Then the route heads east, through the largely unspoilt south, via a succession of small, historic market towns such as Malpas and Audlem. These villages appear in the Domesday book, and the former has the remains of one of the chain of castles built to keep out the marauding Welsh.
From Audlem, we head northeast, crossing and recrossing the modern transport equivalent of the Shropshire Union – the M6 motorway – and skirting the town of Alsager. This boasts a lovely mere, which the author thought might make an ideal picnic stop, only to find it is almost completely fenced off.
Not flat any more
As you approach Macclesfield, you become increasingly aware of the looming presence of the Peak District in the distance. Clearly the rolling hills and easy slopes are not going to continue for ever. Progress slows as the road climbs steeply and keeps on going up – to 417m (1350’) – as the road reaches and crosses the main road to the Cat and Fiddle, beloved by motorcyclists. Don’t be ashamed to get off and push at any time – the views are more than worthwhile. And eventually you’re over the top and the issue becomes descending safely.

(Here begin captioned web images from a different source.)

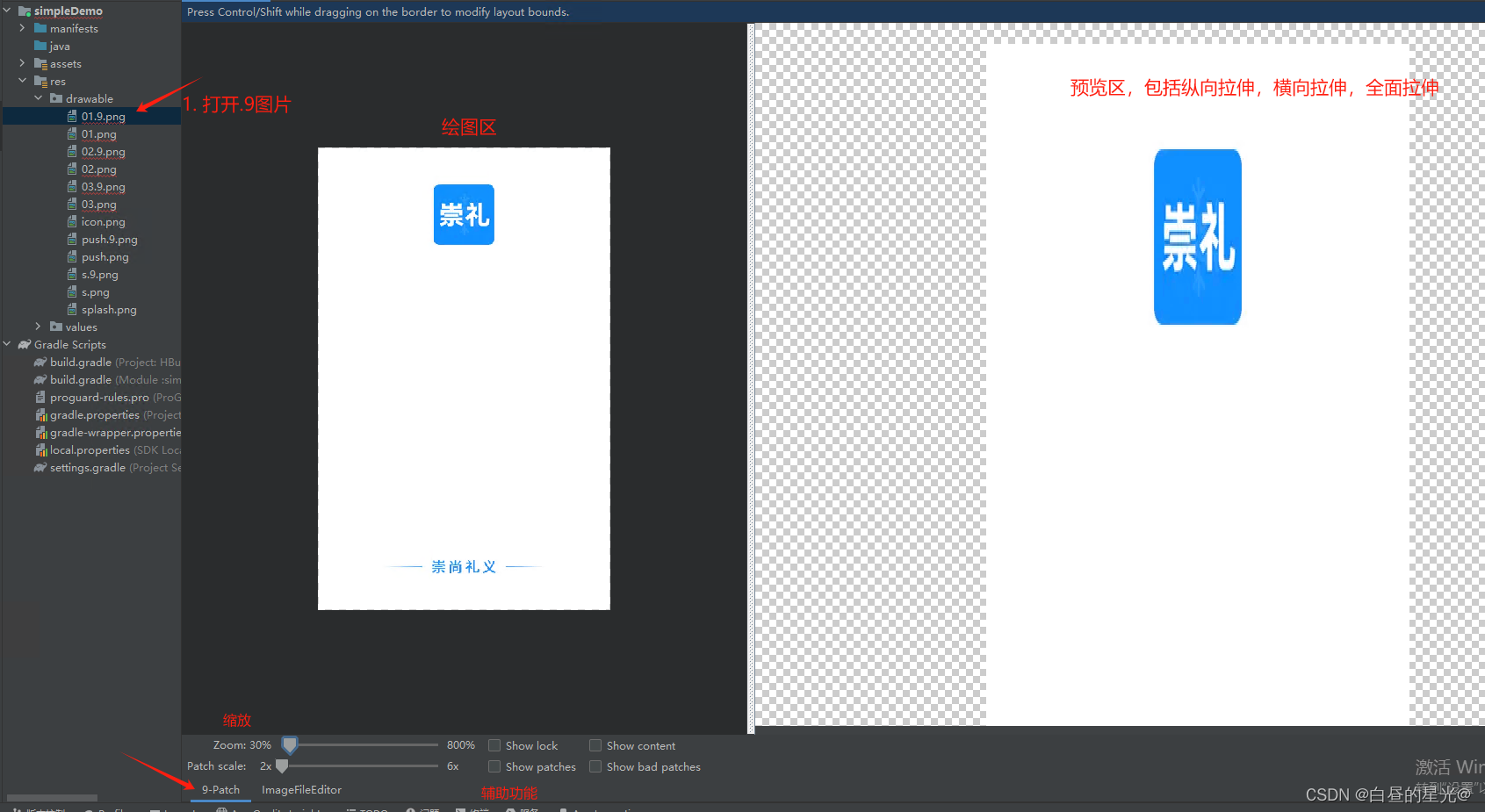 uniapp Android 启动页_useoriginalmsgbox-CSDN博客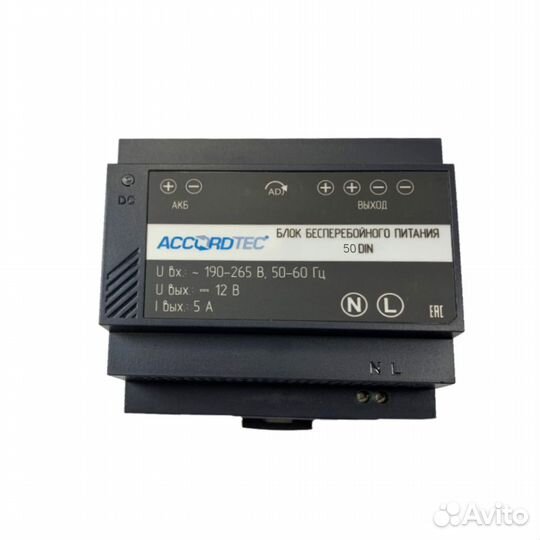 Ббп-50 DIN AccordTec Блок бесперебойного питания д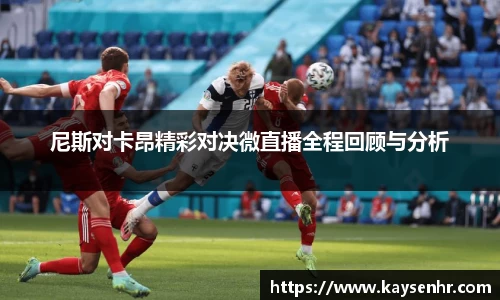 完美体育登录入口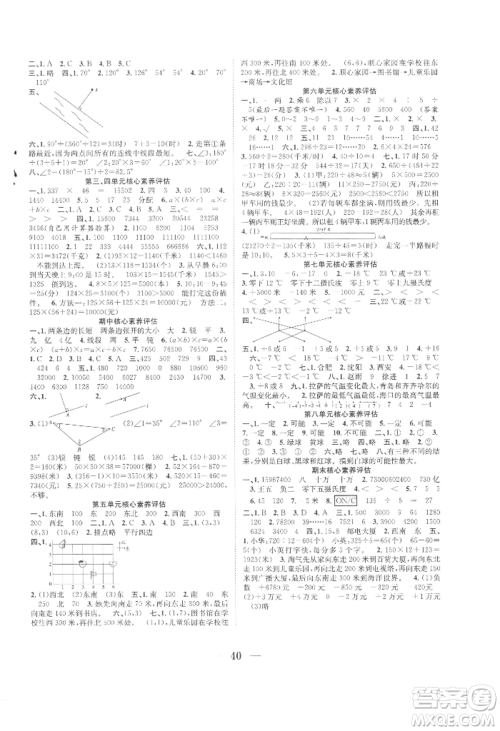 合肥工业大学出版社2022赢在课堂课时作业四年级上册数学北师大版参考答案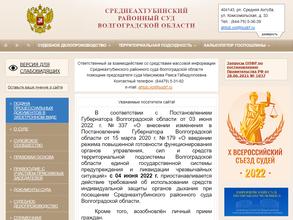 Среднеахтубинский районный суд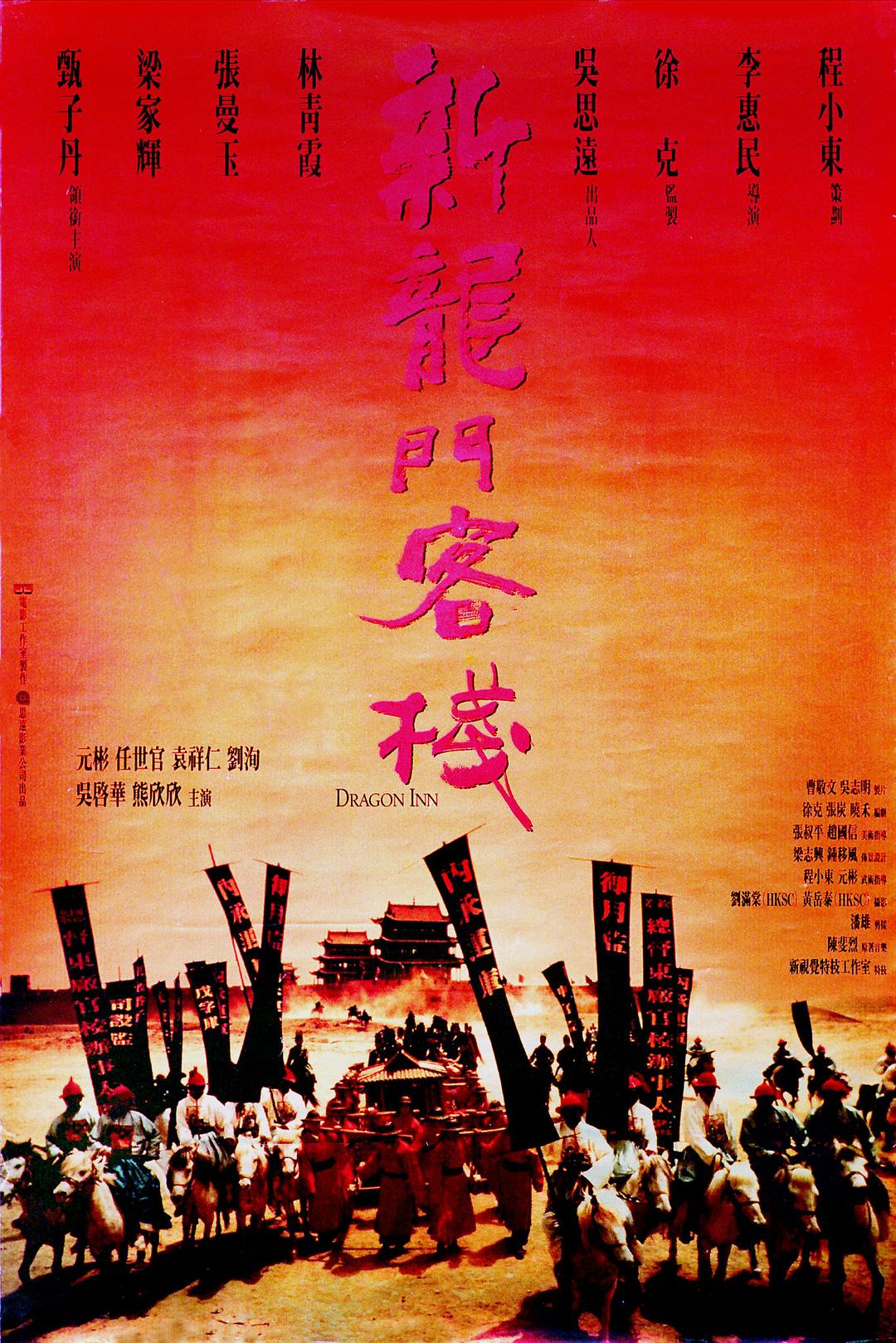 图01 图01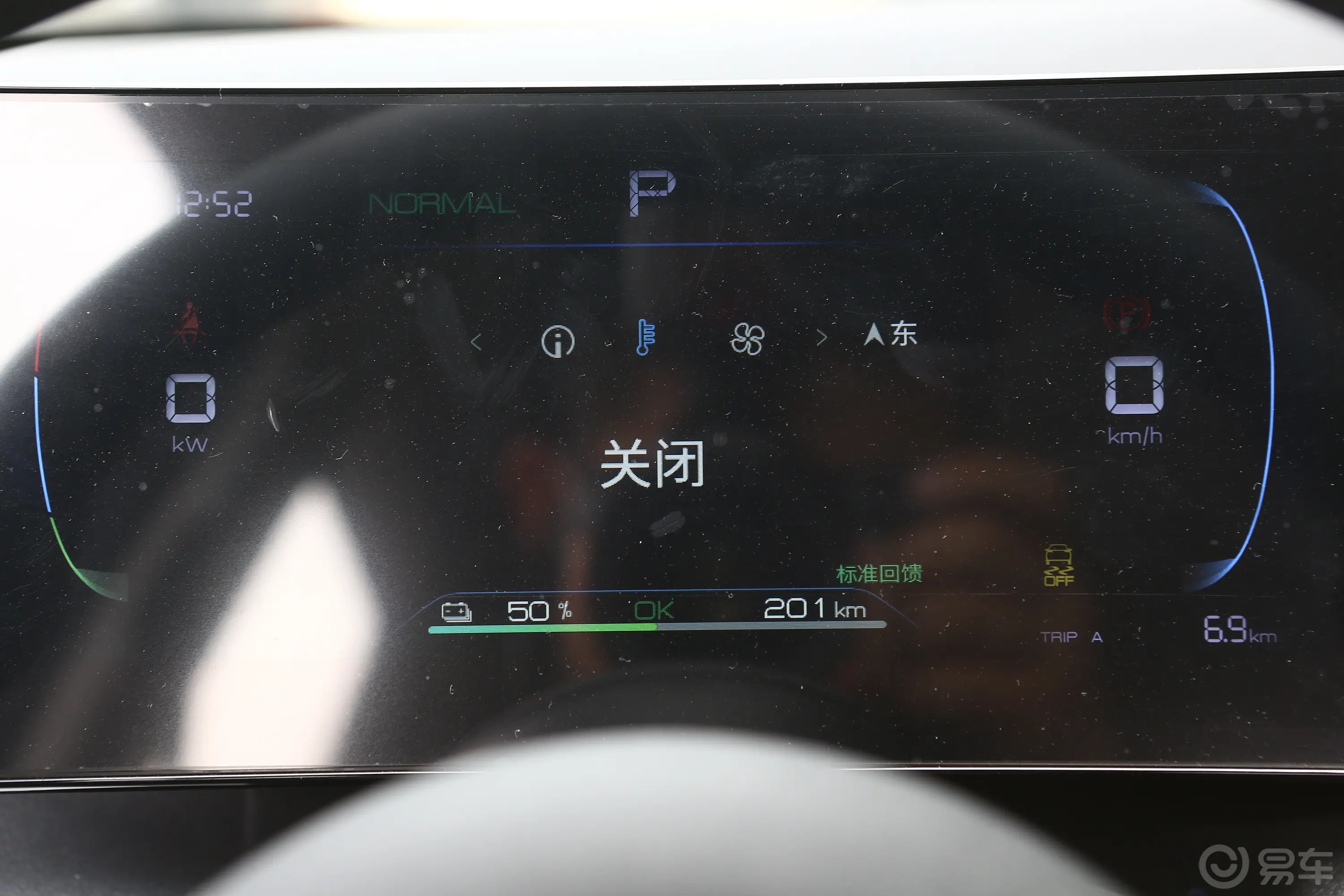 比亚迪e2405km 舒适型主驾驶位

From the natural riches of the Peak District there’s a smooth transition to Manchester footballer’s favourite village of Prestbury and its sought-after houses. Cheshire has one more spectacular feature in the beautiful and aptly named Alderley Edge, where a short diversion through the woods affords delightful prospects. Then across the plains once more, passing Mobberley at the end of Manchester Airport’s second runway, Tatton Park with its mere and great house and Arley, which features as the home of Thomas “Tommy” Shelby in Peaky Blinders before reaching the end and a well-earned ice cream in Comberbach.